Australia’s prime minister said on Sunday he was hopeful a clue will emerge soon to narrow the hunt for Flight 370, as more objects were pulled from the southern Indian Ocean and checked to see if they were part of the plane that went missing more than three weeks ago.
But so far, even though more ships are scouring the area off western Australia, none of the recovered items has been connected to the Malaysia Airlines plane that crashed March 8 with 239 people on board.
“My understanding from this morning is that there has been no discrete debris associated with the flight,” Australian Navy Commodore Peter Leavy told reporters Sunday.
In Sydney, Australian Prime Minister Tony Abbott described the “intensifying search effort” as positive because objects “have been recovered from the ocean.”
The Australian Maritimes Safety Authority said 10 planes took part in the search Sunday, leaving in staggered times from the western city of Perth.

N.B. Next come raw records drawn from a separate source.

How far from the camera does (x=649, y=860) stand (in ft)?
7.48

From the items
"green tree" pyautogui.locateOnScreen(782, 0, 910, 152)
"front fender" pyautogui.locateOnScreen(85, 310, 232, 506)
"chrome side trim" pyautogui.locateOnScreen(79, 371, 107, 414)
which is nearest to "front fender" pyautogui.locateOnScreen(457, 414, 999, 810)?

Eight ships were on the scene, including the Australian navy supply ship HMAS Success, which is to store any wreckage found.
The ships are trying to locate and identify the objects sighted by aircraft over the past two days.
Leavy, the commander of the search task force, said the operation was made more difficult because the particular area being combed is in a shipping lane littered with potentially more floating objects.
AMSA said there were light showers and low cloud in the area, but not enough to disrupt the search, which is about 2 1/2 hours flying time from Perth, allowing the planes five hours of searching time before they have to return to base.